I often think about who I am and all the things that led up to the me of today. As I meander down the wooded trail of long ago, my mind often wanders in the forest of my past. What I saw. What I was told. How I felt. As I think about the beliefs that got formed growing up, I wonder about their truth for me now and impact to my life? I’ve come to recognize that some things continue to be in alignment with my adult values, supporting my success, while others, not so much. My beliefs are the underpinnings of my self-image and how I view my potential. They can govern my attitudes and behaviors. Over the years I’ve learned to strengthen my connection to supportive beliefs and release attention given those non-serving beliefs. I consciously choose the place I come from as I navigate the ins and outs of my day to day life.
Trees, like people, need nourishment. Photosynthesis generates food for trees. During photosynthesis, the leaves take in carbon dioxide from the atmosphere and then, using water that the roots have absorbed and energy from the sun, the leaves create a certain kind of sugar for the tree. This sugar is the tree’s food, allowing it to grow.
I am like a tree, continually growing, grounded by the strength and sturdiness of my roots. The resources beneath flow up through my trunk, allowing me to express myself in my branches and leaves. My beliefs, supported by past experiences and new learning, are the nourishment I feed myself. The greater the truth and alignment of my beliefs the more positive the conditions are for my development. Some beliefs are with me forever, while others feed the weeds I continue to pull,
letting go of what no longer serves me.
The environment of my youth was surrounded by other’s struggles with overwhelm, anger and aggression. There was a blurring of one’s limits and boundaries. Both inside and outside my home, things sometimes felt tumultuous and confusing.

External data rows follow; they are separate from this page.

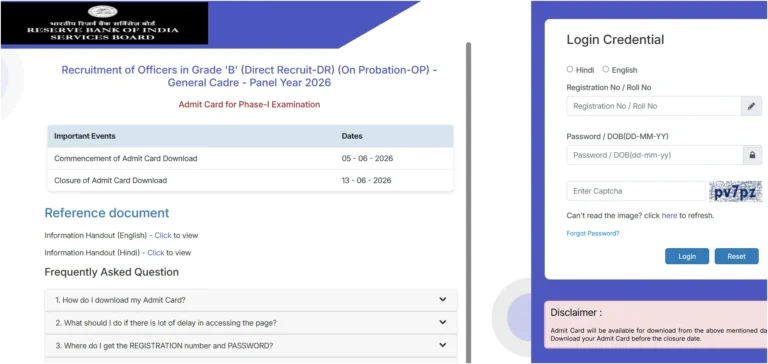 RBI Grade B Prelims Admit Card 2026
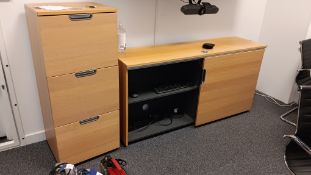 Wooden 3-drawer Combination Lock Filing Cabinet 500(w) x 450(d) x 800(h), Wooden Twin Sliding Door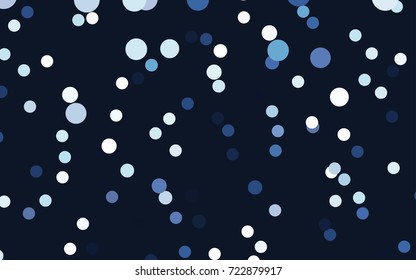Light BLUE vector pattern with colored spheres. Geometric sample of repeating circles on white background in halftone style.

Often our beliefs get formed early on and get passed down, generation to generation, morphing as they move through us as individuals. A belief, that a person was good if they were perfect and met the expectations of others, traveled through my family. Another person’s approval or disapproval was a constant statement of one’s value. This untruth laid the soil for a modeling of perfection equaling worthiness. Others’ opinions and perceptions held greater power than a vibrant, internal sense of self.
Over the years I’ve grappled with believing in myself or my abilities. Disconnected from my worth and capacity, I struggled to embrace my potential. I saw this lack of confidence manifested in my career, relationships and limited vision of who I was and what I might accomplish. I carried a general feeling of “why bother?” For example, I believed I was not as smart as others because I didn’t have as many degrees as they did. I often felt self-conscious and inadequate around my peers as I thought they were so much more knowledgeable than I.
As I struggled to remove the obstacles I faced in life I began recognizing the permanence of my value. This new perspective and message of worthiness came in a slow trickle, expanding as I continued to work to connect to this new way of seeing things. Using meditation, yoga and safe spaces in which to explore my sense of self, I slowly integrated a new belief into my being, the ideal that no matter what others thought or believed, I remained valuable. My value did not rise and fall as opinion and judgement was given. I was a constant as was my worth. It was the beginning of truly knowing that the old belief I carried was a falsity. I was always enough and that never wavered.
That was the beginning of my authentic living along with an introduction to my best self. I realized I was referencing a belief that negated me, reinforcing a constant struggle to reach my goals. When I accepted my innate worth as a given, I could be enough just as I was, in any given moment. As I believed in my self-worth and love of learning, I could open-heartedly engage with others, excited about what I might discover.
These days I practice acceptance, allowing myself to be gracefully imperfect, knowing I am not fixed in my being. Rather I am forever moving forward, evolving, knowing there is more. I choose the belief that I am enough, right now, in this moment. There are skills I have now and others I am reaching towards. I feed myself acknowledgement and celebration, seeing every accomplishment, big or little, as a reminder of all that I am. I embrace my sensitivity and see it has a strength, a gift, enabling me to authentically connect, deeply and consciously. I choose opportunities to learn that embrace my experiential learning style, encouraging myself to be open to new and different experiences.
I remain the gardener in my life, grounding myself in my principles, releasing judgement and celebrating the wins as my value stays with me everywhere I go. I can be the truth of who I am, strong at the roots, from the ground up. My tree has the sweet caramel smell of the Ponderosa Pine found on the west coast of the United States. For me, it is one of the nourishing smells of nature, reminding me of the strong and sweet sugar that feeds me from within.